The aforementioned quote comes from an epic chapter in the late Jack Weatherford’s The History of Money titled “Knights of Commerce”, where he chronicles the history of The Knights Templars who, at one point, “became businessmen who ran the world’s greatest national banking corporation.” (pg 65)
Then along came a French plunderer (King Philip IV) and that was about it for the Knights. “Phillip took the management of his finances out of the hands of the Templars and established the Royal Treasury at the Louvre… Philips desperate need for money arose after he tried a trick that Nero had pulled a thousand years earlier: he debased the silver currency of his realm.” (pg 68)
Back to the Global Macro Grind…
Both Gold (-1.6% to -20% YTD) and Silver (-2% to -26% YTD) are being debased (again) this morning. So you have to be careful in defining what you think “money” is. In the intermediate-term, the value of all moneys is cyclical. And you have to risk manage that.
Or at least that’s how I roll.
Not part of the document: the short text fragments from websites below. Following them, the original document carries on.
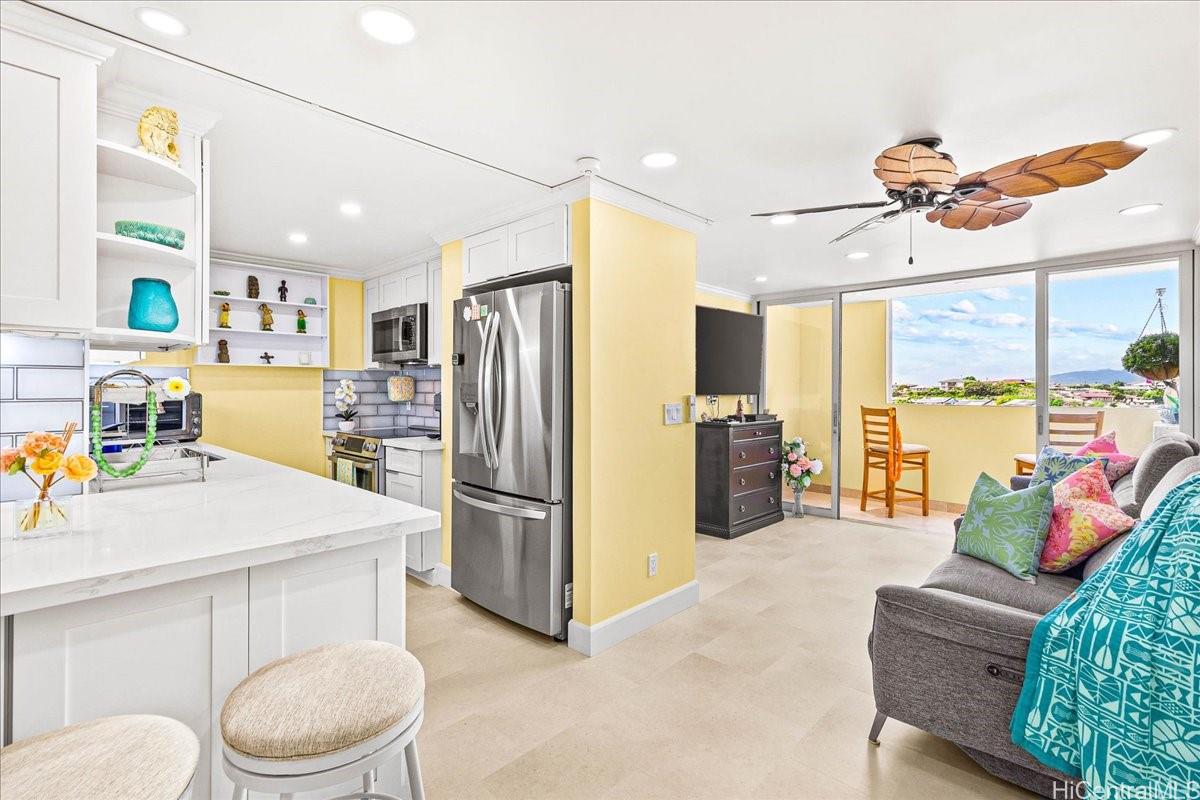3215 Ala Ilima Street, Unit A/PH2 Honolulu, HI 96818 - Photo 2 of 25 a kitchen with stainless steel appliances a refrigerator and a couch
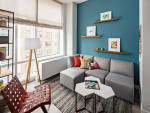 Stylish living area in AVA DoBro, featuring modern furnishings and vibrant decor in Brooklyn apartments.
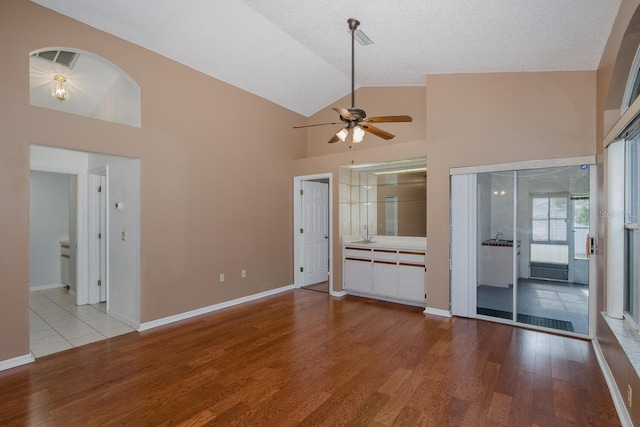 1084 Vista Fina Ct, Spring Hill, FL 34608 - unfurnished living room featuring ceiling fan, wood finished floors, high vaulted ceiling, baseboards, and a sink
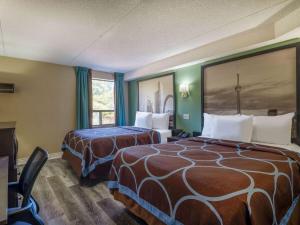 a hotel room with two beds and a window at Super 8 by Wyndham Toronto East ON in Toronto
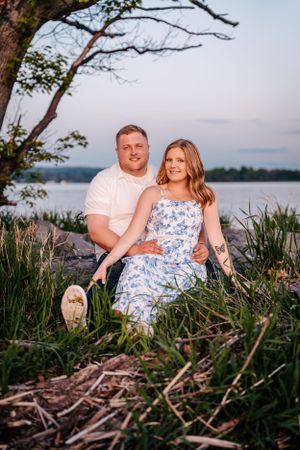 Couple relaxes on lakeside terrain during golden hour with water view.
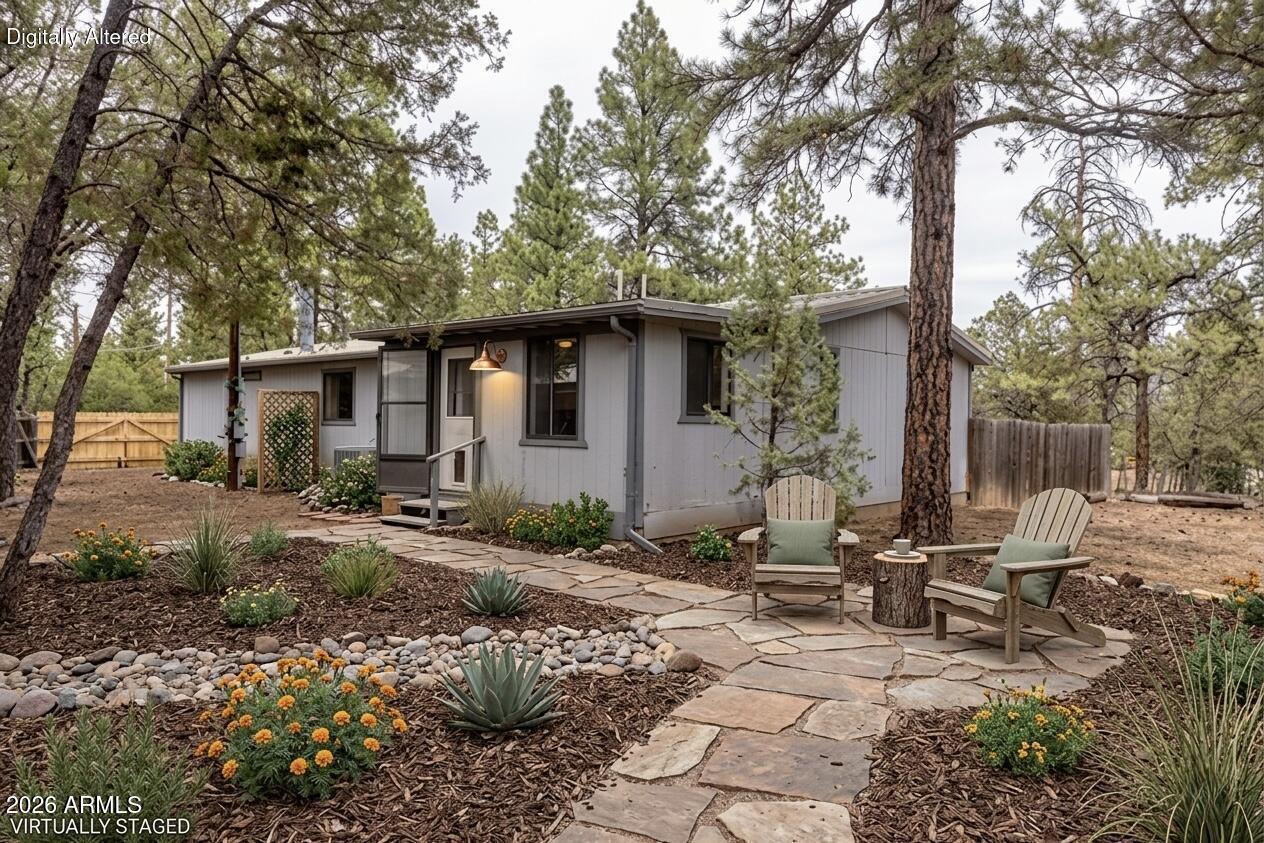 Escape the Phoenix heat and start making memories in the White Mountains! Tucked among the tall pines in beautiful Lakeside, this move-in-ready 3-bedroom, 2-bath retreat is the perfect getaway for weekend adventurers, summer vacations, or future full-time mountain living.

Recently refreshed with new paint, updated flooring, and modern cabinetry, the home combines cozy cabin vibes with the clean, updated feel today's buyers are looking for. The spacious 1,500+ sq ft layout offers comfortable gathering spaces for family and friends, while the fireplace creates the perfect setting for cool mountain evenings after a day on the lake or trails. Outside, the oversized, fully fenced lot provides plenty of room for RV parking, boats, ATVs, and all your mountain toys. Whether you're fishing nearby lakes, exploring hiking trails, or simply enjoying the cooler temperatures and peaceful pine setting, this property delivers the lifestyle so many Arizona buyers dream about.

Outside, the oversized, fully fenced lot provides plenty of room for RV parking, boats, ATVs, and all your mountain toys. Whether you're fishing nearby lakes, exploring hiking trails, or simply enjoying the cooler temperatures and peaceful pine setting, this property delivers the lifestyle so many Arizona buyers dream about.

This home offers the rare combination of affordability, usability, and turnkey condition, plus partially furnished, in one of Arizona's most loved mountain communities. Just pack your bags and start enjoying mountain life from day one.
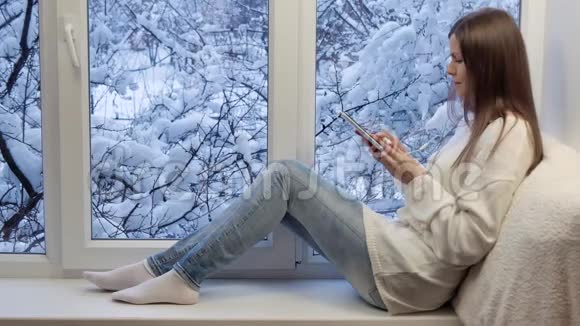 漂亮的女孩坐在窗台上用带耳机的平板电脑冬天在外面视频的预览图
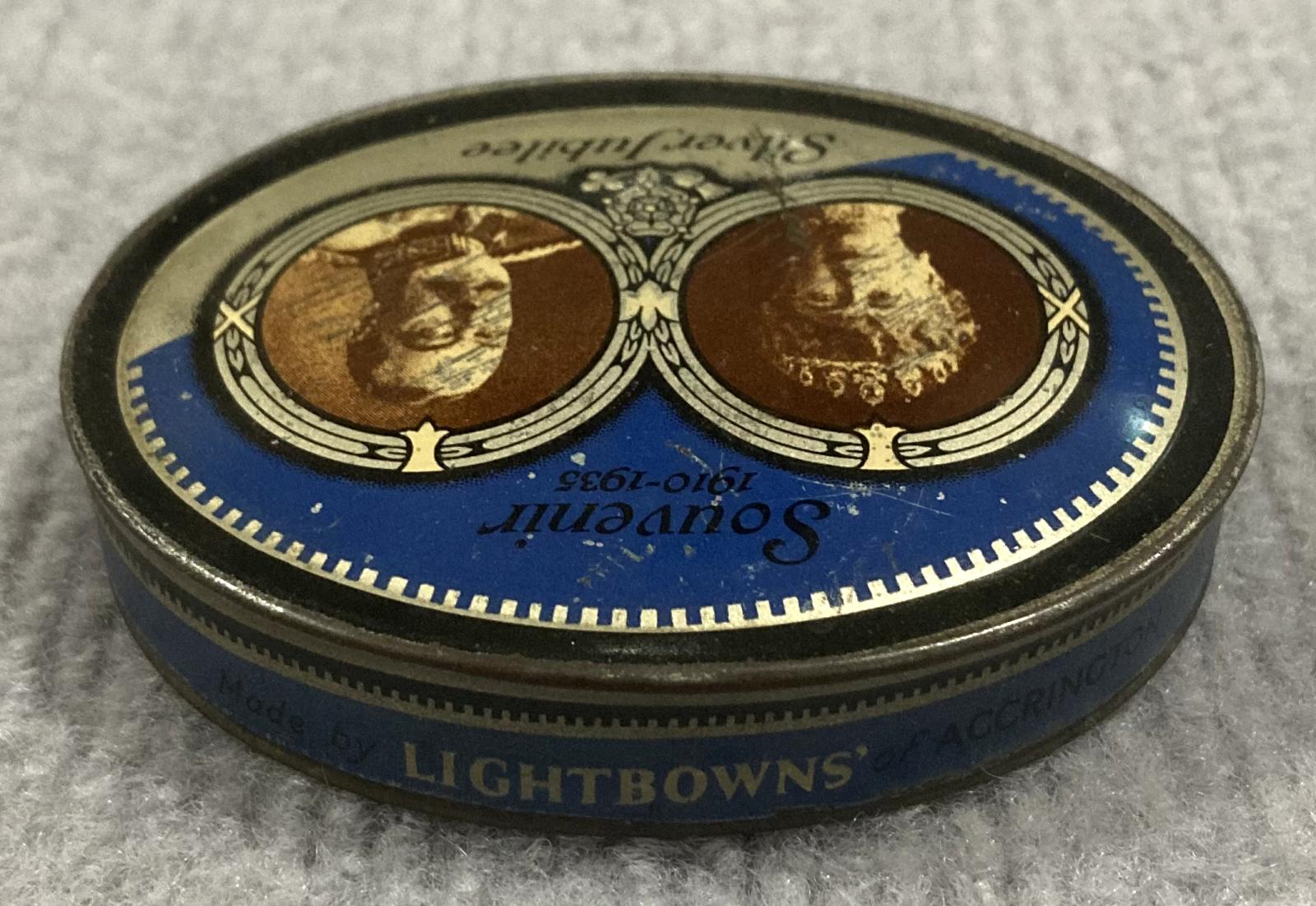 Oblique view from back of souvenir tin - Silver Jubilee of King George V and Queen Mary (1910–1935)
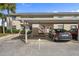 Covered parking space in front of condo building at 1512 Rio De Janeiro Ave # 111, Punta Gorda, FL 33983
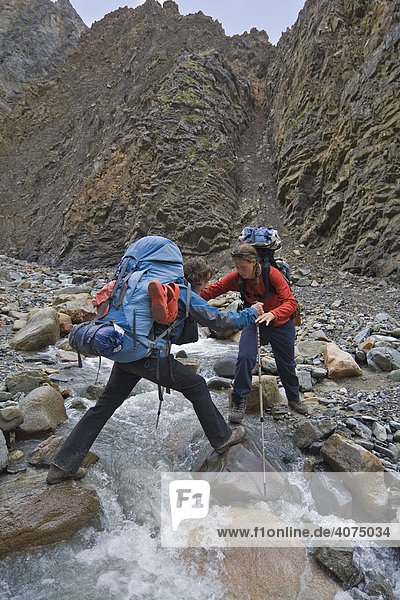 Zwei Wanderer  Rucksacktouristen  Frauen  helfen sich bei der Überquerung eines Baches  Donjek Route  St Elias Gebirge  Kluane Nationalpark  Yukon  Kanada  Nordamerika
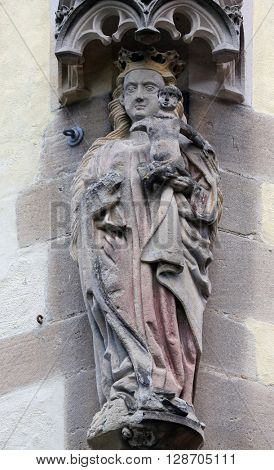 TUBINGEN, GERMANY - OCTOBER 21: Virgin Mary with baby Jesus, Collegiate Church of St. George in Tubingen, Germany on October 21, 2014.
I don’t really trust that the value of anything that trades on anything that is attempted to be centrally planned has a super secret biblical “value.” Every morning we wake up to politicians trying to mess with our profit plan.
The plan remains that the plan is going to change – and with that, let’s get on with our day. Here’s this morning’s setup:
- US Equities = immediate-term TRADE overbought within a bullish intermediate-term TREND
- Japanese, German, and British Equities = immediate-term TRADE overbought within bullish TRENDs
- Government Bonds (Treasuries, JGBs, Bunds, and Gillts) = immediate-term TRADE oversold within bearish TRENDs
In other words, being long stocks (and short bonds) for the last few weeks has been fantastic – so take some profits.
While it’s a pretty straight forward communication process to tell you when I am buying things while people are freaking out on red, sometimes I confuse people when I then turnaround and sell some of what I bought.
I don’t take offense to that as I am often confusing myself! That’s where embracing the uncertainty (signals) in my process leaves me at this stage of my career. I listen to the risk management signals before I listen to the little squirrels in my head.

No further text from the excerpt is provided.